Start of TASK DATA

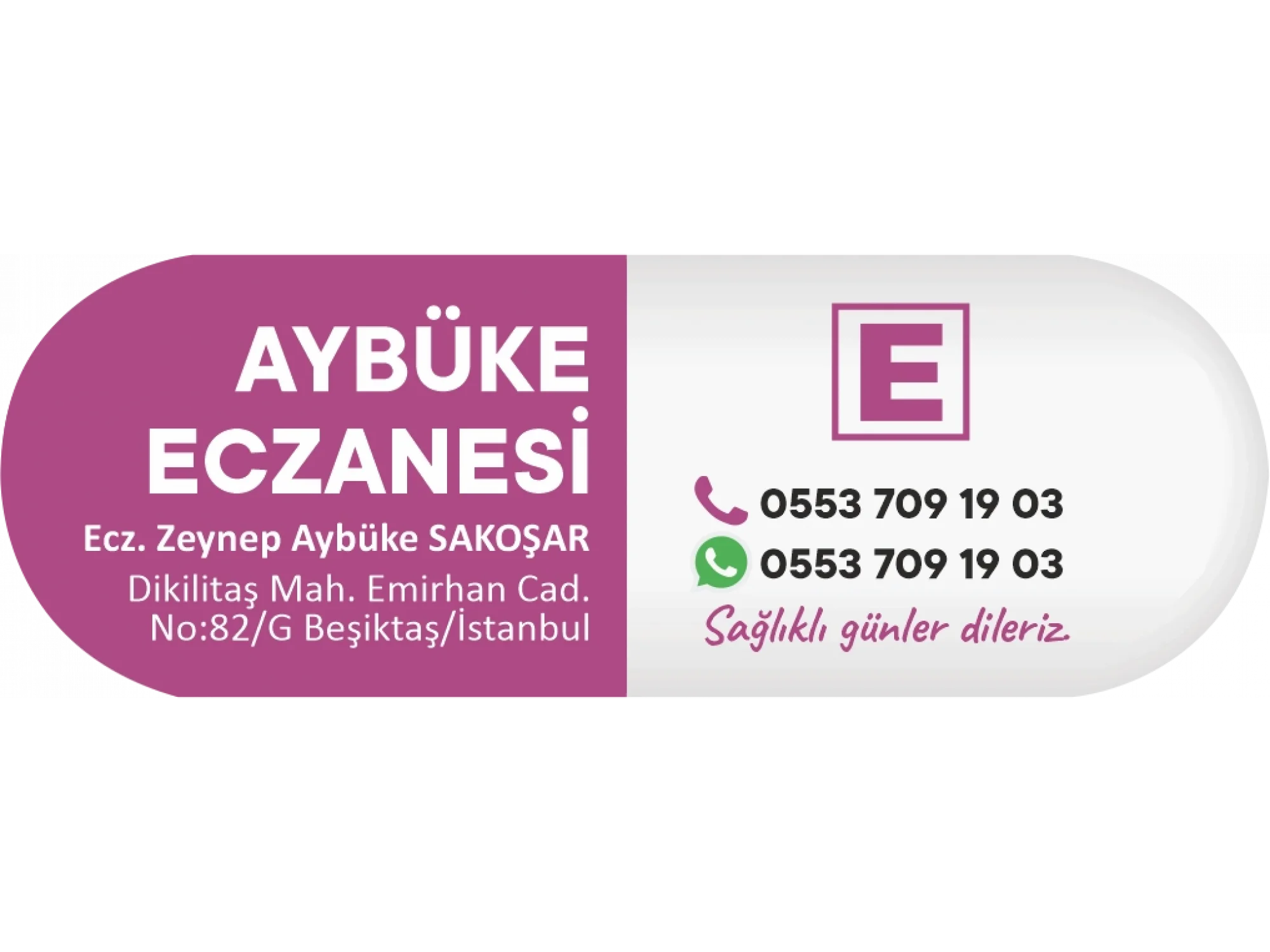 İlaç Kapsülü Mor Elogolu - 1000 adet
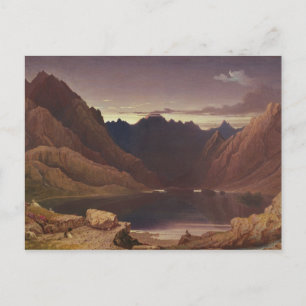 Carte Postale Loch Coruisk, île de Skye - Dawn, c.1826-32 (w/c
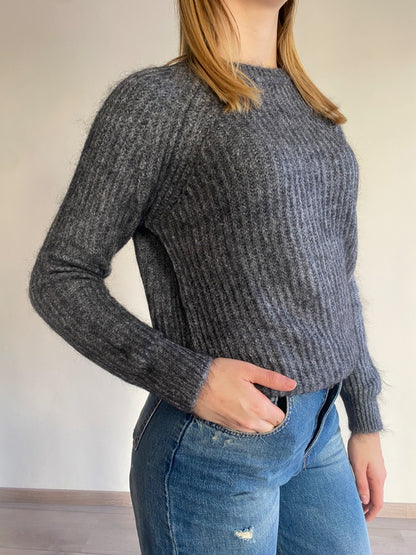 Maglioncino mohair a coste VICOLO 55067S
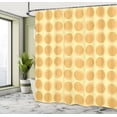 thumbnail image 4 of Ambesonne Retro Shower Curtain, Moon-Like Circles Drawing, 69"Wx75"L, Pale Orange and Pale Yellow, 4 of 4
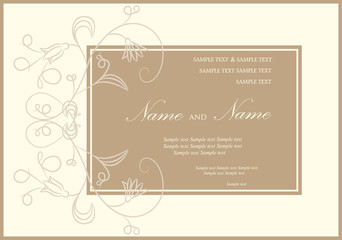 Wedding invitation or announcement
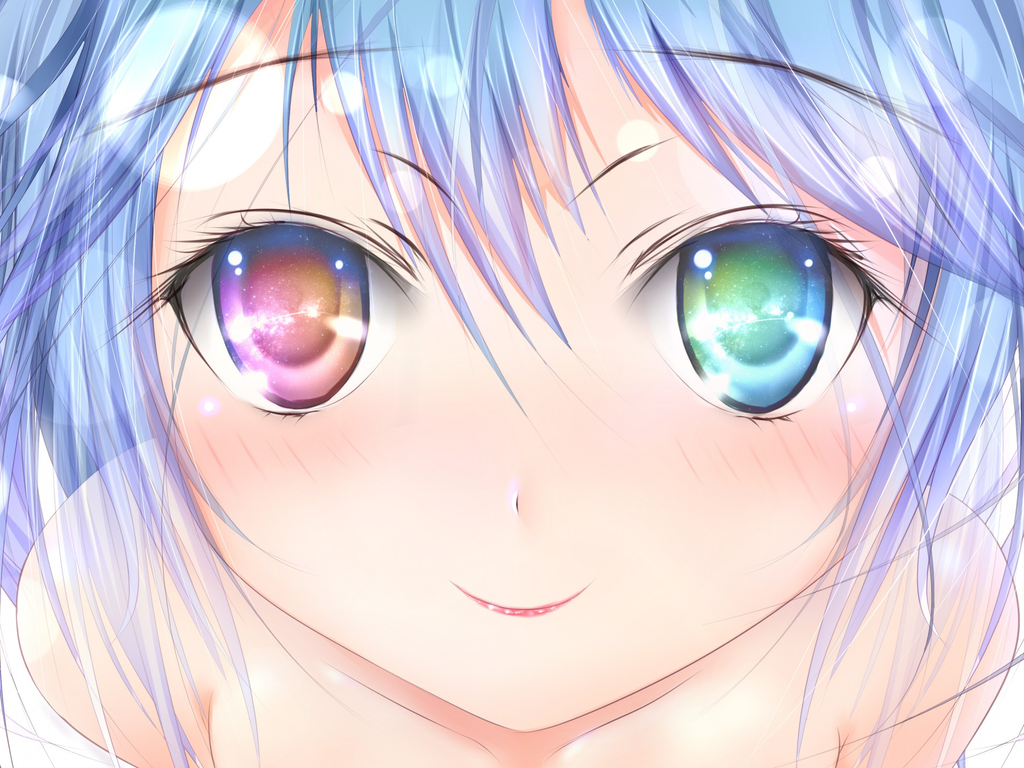 Anime - different eye color by loveland12 on DeviantArt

End of TASK DATA

◆ **TASK TO COMPLETE**
The reply should hold every line of the records unchanged and no pictures.

◆ **RESULT FOR THIS EXERCISE**
 İlaç Kapsülü Mor Elogolu - 1000 adet
 Carte Postale Loch Coruisk, île de Skye - Dawn, c.1826-32 (w/c
 Maglioncino mohair a coste VICOLO 55067S
 thumbnail image 4 of Ambesonne Retro Shower Curtain, Moon-Like Circles Drawing, 69"Wx75"L, Pale Orange and Pale Yellow, 4 of 4
 Wedding invitation or announcement
 Anime - different eye color by loveland12 on DeviantArt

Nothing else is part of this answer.